Roch Huppé  Chief Financial Officer, Department of Fisheries and Oceans
Jody Thomas  Deputy Commissioner, Operations, Canadian Coast Guard, Department of Fisheries and Oceans
Kevin Stringer  Assistant Deputy Minister, Program Policy, Department of Fisheries and Oceans
Siddika Mithani  Assistant Deputy Minister, Ecosystems and Oceans Science Sector, Department of Fisheries and Oceans
David Balfour  Senior Assistant Deputy Minister, Ecosystems and Fisheries Management, Department of Fisheries and Oceans

4:20 p.m.

Liberal

Lawrence MacAulay Liberal Cardigan, PE

I wouldn't do that.

4:20 p.m.

Conservative

The Chair Conservative Rodney Weston

That's quite common in the committee here, Mr. Minister.

Mr. Minister, I believe you have some opening comments. I'll give you the floor to make your comments, and then we'll proceed to questions.

March 14th, 2012 / 4:20 p.m.

Conservative

Keith Ashfield Conservative Fredericton, NB

Thank you, Mr. Chairman.

Good afternoon, and thank you for inviting me to discuss Fisheries and Oceans Canada's main estimates.

I want to thank my deputy, Claire Dansereau, and members of our department's management team for starting the discussion with the committee. I understand that our chief financial officer has presented the highlights of our main estimates to you already.

The estimates represent a snapshot in time of the government's spending plans. Our fiscal outlook for the year ahead will be reflected more fully in the budget that will presented in two weeks by my colleague, the Minister of Finance.

I'd like to take this opportunity first to thank this committee for its excellent work. I appreciated your insight into the snow crab industry in Atlantic Canada and Quebec, and I'm looking forward to your report on closed containment salmon aquaculture.

I'm also very appreciative to have this chance to talk with you and share my thoughts on Canadian fisheries, aquaculture, and other marine sectors, and to inform you about how we are advancing the three main strategic objectives of Fisheries and Oceans Canada: economically prosperous maritime sectors and fisheries, sustainable aquatic ecosystems, and safe and secure waters.

Under the objective of economically prosperous maritime sectors and fisheries, we continuously undertake activities to ensure that Canada's fisheries and related economic benefits are operating at their fullest potential.

Under sustainable aquatic ecosystems we focus on the conservation, protection, and sustainability of Canada's aquatic ecosystems by managing the risks that affect species, oceans, and fish.

Under safe and secure waters we lead, deliver, and maintain the preparedness for the maritime component of the federal search-and-rescue system with our partners.

As I am sure you're aware, there is a lot going on in our marine environments in addition to fishing. The total value of Canada’s oceans and marine activities, including fisheries, offshore oil and gas, marine transportation, aquaculture, ecotourism, and cruises, is currently worth more than $28 billion, and there remains considerable unrealized economic potential.
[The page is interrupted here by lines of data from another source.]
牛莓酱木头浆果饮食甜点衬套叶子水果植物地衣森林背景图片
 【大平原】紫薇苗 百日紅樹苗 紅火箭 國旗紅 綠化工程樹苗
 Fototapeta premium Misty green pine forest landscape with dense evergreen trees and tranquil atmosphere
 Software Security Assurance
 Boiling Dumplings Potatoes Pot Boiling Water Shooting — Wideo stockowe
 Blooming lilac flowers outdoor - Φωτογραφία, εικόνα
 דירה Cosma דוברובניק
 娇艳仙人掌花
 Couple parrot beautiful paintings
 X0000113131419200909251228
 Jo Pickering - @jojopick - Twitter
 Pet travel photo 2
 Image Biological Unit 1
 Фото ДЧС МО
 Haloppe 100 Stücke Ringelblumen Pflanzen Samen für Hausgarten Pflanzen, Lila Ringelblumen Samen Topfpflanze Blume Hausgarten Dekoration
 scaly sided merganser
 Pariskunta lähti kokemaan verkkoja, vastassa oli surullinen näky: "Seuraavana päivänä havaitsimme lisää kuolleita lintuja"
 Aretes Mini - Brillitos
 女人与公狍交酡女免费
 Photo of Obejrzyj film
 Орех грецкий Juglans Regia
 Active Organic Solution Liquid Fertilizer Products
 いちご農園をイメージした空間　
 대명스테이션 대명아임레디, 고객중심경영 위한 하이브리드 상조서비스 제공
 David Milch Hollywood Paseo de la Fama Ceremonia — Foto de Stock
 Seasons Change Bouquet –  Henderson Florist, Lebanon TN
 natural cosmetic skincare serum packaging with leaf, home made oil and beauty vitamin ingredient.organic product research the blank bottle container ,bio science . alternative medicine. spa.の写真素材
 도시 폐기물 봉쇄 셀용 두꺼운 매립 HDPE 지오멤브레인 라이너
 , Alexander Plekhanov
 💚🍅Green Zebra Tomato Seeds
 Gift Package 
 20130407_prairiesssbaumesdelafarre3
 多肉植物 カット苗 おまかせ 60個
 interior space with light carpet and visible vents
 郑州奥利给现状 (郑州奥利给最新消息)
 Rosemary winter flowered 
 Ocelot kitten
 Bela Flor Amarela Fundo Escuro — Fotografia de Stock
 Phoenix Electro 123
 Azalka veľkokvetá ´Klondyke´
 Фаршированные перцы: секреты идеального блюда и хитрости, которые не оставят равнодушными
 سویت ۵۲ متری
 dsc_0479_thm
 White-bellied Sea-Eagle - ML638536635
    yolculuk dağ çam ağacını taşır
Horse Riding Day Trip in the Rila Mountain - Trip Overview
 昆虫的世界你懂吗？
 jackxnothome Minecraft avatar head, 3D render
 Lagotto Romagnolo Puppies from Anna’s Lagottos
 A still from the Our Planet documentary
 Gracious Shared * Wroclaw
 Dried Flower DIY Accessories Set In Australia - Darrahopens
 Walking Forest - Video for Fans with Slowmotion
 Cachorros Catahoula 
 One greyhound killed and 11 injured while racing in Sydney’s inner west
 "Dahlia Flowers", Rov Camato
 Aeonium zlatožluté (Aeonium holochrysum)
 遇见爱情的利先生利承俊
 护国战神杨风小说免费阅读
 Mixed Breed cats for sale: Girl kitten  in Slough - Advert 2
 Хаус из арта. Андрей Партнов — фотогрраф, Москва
Fish and seafood are one of the largest single food commodities exported by Canada. The sector currently employs approximately 80,000 Canadians who are involved in commercial fishing, aquaculture, and processing activities.

After five years of decline between 2004 and 2009, last year represented a small increase in Canada’s export numbers. While this is a positive indicator, I believe we still have work to do to make sure that Canada remains a world leader in this industry. There are also significant growth opportunities in the fisheries, with world demand expected to continue to grow over the next decade.

The World Bank estimates that $50 billion is lost annually from this industry around the world due to poor management. According to a forecast by the OECD, global per capita consumption of seafood is projected to increase by about 5% in the next eight years. This represents a tremendous opportunity for more jobs and more economic growth in our coastal and rural regions. There is a growing global demand for the product, and we could be better positioned to capture that market share.

Canada’s fishery sector is going through fundamental changes driven by significant and unprecedented shifts in global economics, market demand for sustainable seafood, and environmental realities. According to Christian Brun of the Maritime Fisherman’s Union,

The main problem our Atlantic fisheries face is price for its products. ...the dockside price for lobster has dropped sharply since 2008 because of both the strengthening of our Canadian dollar and the on-going recession in the United States, our main lobster market. These are the main reasons why the Canadian lobster fishery is less competitive and prosperous today than it was a few years ago.

Mr. Brun goes on to say that we need to look at ways to increase the value of our fisheries and work together to make things better.

I agree with Mr. Brun. We have important challenges ahead of us to ensure that Canada’s fishery and aquaculture sectors take advantage of growing market opportunities and maximize the economic value of this resource in a dynamic and changing global marketplace.

The recent engagement exercise undertaken by DFO was intended to do two things: talk about change that is ongoing in the department and industry, and review future opportunities for the industry. There is no doubt that this sparked a lively debate, and one that is, quite frankly, welcome.

This is a preliminary discussion to examine the multiple rules that drive our current system and to see how fisheries management can be advanced to meet the needs of today.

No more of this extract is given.